Notifications You must be signed in to change notification settings

noboevbo/ehpi_action_recognition

Repository files navigation

We've released the code for PedRecNet and EHPI3D which provides:

  • Human BB Detection (via YoloV4).
  • Human Tracking
  • 2D Human Pose Estimation
  • 3D Human Pose Estimation
  • Human Body Orientation (currently only Phi) Estimation
  • Human Head Orientation (currently only Phi) Estimation
  • "Pedestrian recognizes the camera" Estimation
  • Human Action Recognition (via EHPI3D)

You can find the new repository here: https://github.com/noboevbo/PedRec

This repository contains the code for our real-time pose based action recognition pipeline, which was introduced in our paper Simple yet efficient real-time pose-based action recognition (submitted to ITSC 2019, as of 2019-04-23). There is also paper result reconstruction code for another publication (submitted to Transactions on ITS SE ITSC 2018, as of 2019-04-23), XYZ, based on an alternative approach using LSTM.

The approach is based on encoding human poses over a period of time in an image-like data format (Encoded Human Pose Images) that can then be classified using standard CNNs. The entire pipeline is lightweight and runs 20-60 FPS, depending on settings. It was tested on an XMG Ultra 17 Laptop with an i7-8700 Desktop CPU, NVIDIA GTX1080 GPU, 32GB RAM using KDE Neon (Ubuntu 18.04) and CUDA 10.0 with CUDNN 7.5.

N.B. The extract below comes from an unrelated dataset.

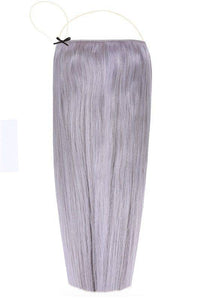 Silver Halo hair extensions with adjustable clear wire for natural look on fine hair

We currently provide example code and a pre-trained model for our use-case action recognition which required us to differentiate between the actions idle, walk and wave. We provide training code etc. which can be used to train your own models with different / more actions. To generate a EHPI see the feature_vec_producer for an EHPI vector / the action recognition network. I plan to provide source code for our database powered dataset management tool which contains importers and exporters for different datasets / formats, but I need a little cleanup time for this.

EHPI Example

Installation

Prerequisites

  • Python 3.6+
  • CUDA (tested with 9.0 and 10.0)
  • CUDNN (tested with 7.5)
  • PyTorch (tests with 1.0)
  • OpenCV with Python bindings

A basic setup guide for Ubuntu 18.04 is available at: https://dennisnotes.com/note/20180528-ubuntu-18.04-machine-learning-setup/. I set up my system like this, with the difference that I now use CUDA 10.0 and CUDNN 7.5, the blogpost will be updated sometime.

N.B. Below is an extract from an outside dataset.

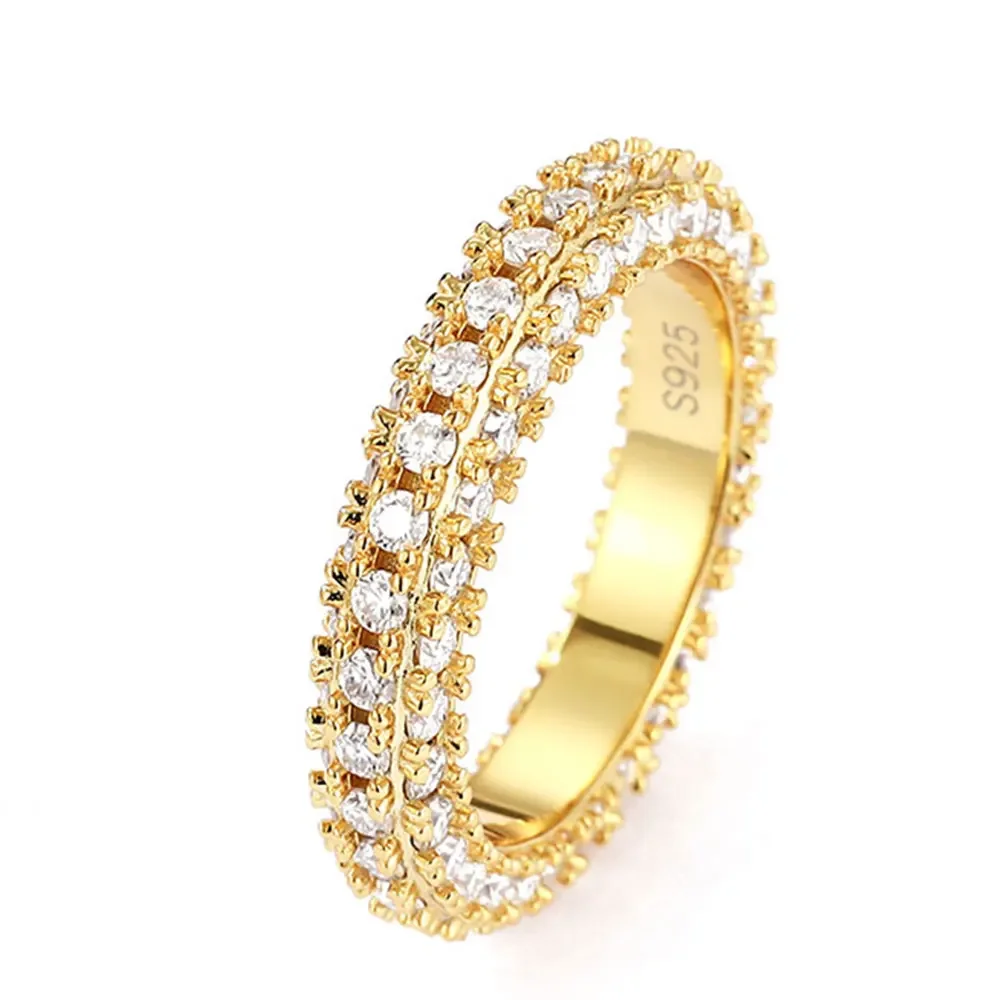 KNOBSPIN-Anéis Moissanite para Homens e Mulheres, Banda Eterna, Diamante de Laboratório, S925 Banhado a Prata, Anel de Ouro 18K, D VVS1, Anel De Casamento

Note: The code runs on Windows but with decreased performance, see Known Bugs.

Setup

I use two of my libraries in this code, nobos_commons and nobos_torch_lib. These and their dependencies have to be installed first. In the following code example I assume a Python installation with virtualenvwrapper, if this is not used the code must be adapted accordingly. A new virtual environment is created in the code, then PyTorch (with CUDA 10.0) is installed and then the required repositories cloned, dependencies installed and finally the required model weights loaded from our web server. The weights for YoloV3 and 2D Human Pose Recognition are originally from https://github.com/ayooshkathuria/pytorch-yolo-v3 and https://github.com/Microsoft/human-pose-estimation.pytorch. We have the weights on our server to ensure availability and version.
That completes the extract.